The central finding is that causal methods for gene regulatory network inference hold an edge over correlations when the single-cell data is clean and the network structure is favorable, but dropout and latent confounders selectively remove that advantage. The authors reach this by running 6120 experiments that turn seven pathologies on and off one at a time and then in combination. That setup is the clearest part of the work. Earlier benchmarks mix real or semi-real data where multiple problems happen together, so you cannot separate which issue is driving the failure. Here the isolation lets them track how each method degrades as dropout rate rises, as confounders are added, or as sample size drops. The error-type breakdown is also useful; it shows that two methods can post similar overall scores while making qualitatively different mistakes. The interaction sweeps on the three strongest pathologies add another layer, showing sub-additive joint effects and some density-dependent crossovers that single-dial runs miss. Those patterns are new in the GRN literature and give practitioners more specific guidance on when to reach for a causal method. The scale of the experiment set gives the patterns some empirical weight. The main soft spot is the simulation itself. The stress-test note is on target: there is no reported calibration of the generator against real scRNA-seq statistics such as zero fractions, mean-variance relationships, or known network topologies from the same cell types.

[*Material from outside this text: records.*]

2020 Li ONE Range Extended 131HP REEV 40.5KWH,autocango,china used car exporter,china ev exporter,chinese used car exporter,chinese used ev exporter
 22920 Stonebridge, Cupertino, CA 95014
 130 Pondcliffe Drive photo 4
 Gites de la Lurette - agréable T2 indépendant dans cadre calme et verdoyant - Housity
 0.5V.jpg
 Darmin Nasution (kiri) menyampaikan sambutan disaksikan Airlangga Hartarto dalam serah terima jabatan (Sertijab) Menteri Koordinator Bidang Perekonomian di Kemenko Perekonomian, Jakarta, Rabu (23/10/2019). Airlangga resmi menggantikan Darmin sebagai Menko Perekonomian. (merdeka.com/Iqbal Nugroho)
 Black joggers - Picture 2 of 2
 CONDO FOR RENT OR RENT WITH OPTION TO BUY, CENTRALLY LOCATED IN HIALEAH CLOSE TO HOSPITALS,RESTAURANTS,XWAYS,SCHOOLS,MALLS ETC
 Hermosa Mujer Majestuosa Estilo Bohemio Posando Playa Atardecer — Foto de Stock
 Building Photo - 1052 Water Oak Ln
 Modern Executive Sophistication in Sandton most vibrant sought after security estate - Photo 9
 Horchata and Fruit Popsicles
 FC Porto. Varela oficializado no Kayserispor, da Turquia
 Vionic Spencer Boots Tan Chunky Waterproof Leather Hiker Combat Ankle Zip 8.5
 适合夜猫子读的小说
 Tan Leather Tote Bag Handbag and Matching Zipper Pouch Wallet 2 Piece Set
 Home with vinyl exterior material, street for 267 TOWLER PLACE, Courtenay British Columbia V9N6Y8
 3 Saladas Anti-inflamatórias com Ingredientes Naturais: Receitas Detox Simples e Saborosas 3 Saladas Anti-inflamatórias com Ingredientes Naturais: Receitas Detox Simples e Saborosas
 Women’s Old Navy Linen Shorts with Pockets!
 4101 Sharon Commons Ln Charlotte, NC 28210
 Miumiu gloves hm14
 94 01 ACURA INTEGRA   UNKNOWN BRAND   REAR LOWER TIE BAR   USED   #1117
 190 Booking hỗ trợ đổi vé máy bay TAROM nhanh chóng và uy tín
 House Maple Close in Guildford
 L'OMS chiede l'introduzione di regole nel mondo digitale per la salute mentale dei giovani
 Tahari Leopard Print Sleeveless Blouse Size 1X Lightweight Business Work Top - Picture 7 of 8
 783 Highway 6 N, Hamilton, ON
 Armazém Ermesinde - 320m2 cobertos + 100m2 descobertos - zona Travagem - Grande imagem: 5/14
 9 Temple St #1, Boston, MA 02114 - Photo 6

If the way dropout is modeled as zero-inflation or how confounders are injected into the dynamics does not match actual data distributions, then the reported performance crossovers could be artifacts of the simulator rather than general biological insights. The abstract does not mention any such validation step, so that remains an open question. This paper is for people who build or choose GRN methods and want clearer conditions for when causality helps versus when it does not. A reader working on single-cell causal inference or method development will find the diagnostic framework and the error decomposition worth their time. It deserves peer review because the controlled approach fills a real gap in the benchmarking literature even if the simulator needs tighter grounding against empirical data.

Referee Report

1 major / 3 minor

Summary. The paper introduces a controlled simulation framework that isolates seven pathologies (dropout, latent confounders, cell-type mixing, feedback loops, network density, sample size, pseudotime drift) in single-cell RNA-seq data for GRN inference. Across 6,120 experiments on six methods spanning causal, correlational, and other paradigms, it reports that causal methods outperform baselines in clean regimes but have their advantages selectively neutralized by dropout and latent confounders; an error decomposition shows qualitatively different failure modes, and an interaction sweep reveals sub-additive joint effects with density-conditional cross-overs.

Significance. If the simulations faithfully reproduce real scRNA-seq statistics, the scale of the controlled experiments, the error-type decomposition, and the interaction analysis provide actionable diagnostics for when causal GRN methods are likely to succeed or fail, offering clearer guidance than existing mixed-pathology benchmarks. The sub-additive interaction results and the demonstration that aggregate accuracy can mask distinct error profiles are particularly valuable contributions.

major comments (1)

[Section 3] Simulation framework (Section 3): the generative model for the seven pathologies (e.g., zero-inflation implementation for dropout, injection of latent confounders into regulatory dynamics) is not calibrated or validated against empirical moments (mean-variance relationships, zero fractions, or known GRN topologies) from real single-cell datasets of the same cell types. This is load-bearing because the central claims about selective neutralization and sub-additive interactions rest on the pathologies being realistic rather than simulation artifacts.

minor comments (3)

[Abstract] Abstract: the phrase 'three inference paradigms' is not expanded; explicitly naming the paradigms (causal, correlational, and the third) would improve clarity for readers unfamiliar with the GRN literature.
[Results figures] Figure captions (e.g., those summarizing the 6,120-experiment results): some panels lack explicit axis labels for pathology intensity levels, making it harder to map quantitative degradation curves to the seven isolated factors.
[Methods] The error decomposition is introduced without a formal definition or pseudocode; adding a short algorithmic description would help readers reproduce the qualitative error-type distinctions.

Simulated Author's Rebuttal

1 responses · 0 unresolved

We thank the referee for the constructive and detailed feedback. The single major comment is addressed point-by-point below. We agree that additional calibration and validation steps will strengthen the paper and commit to incorporating them in the revision.

read point-by-point responses

Referee: [Section 3] Simulation framework (Section 3): the generative model for the seven pathologies (e.g., zero-inflation implementation for dropout, injection of latent confounders into regulatory dynamics) is not calibrated or validated against empirical moments (mean-variance relationships, zero fractions, or known GRN topologies) from real single-cell datasets of the same cell types. This is load-bearing because the central claims about selective neutralization and sub-additive interactions rest on the pathologies being realistic rather than simulation artifacts.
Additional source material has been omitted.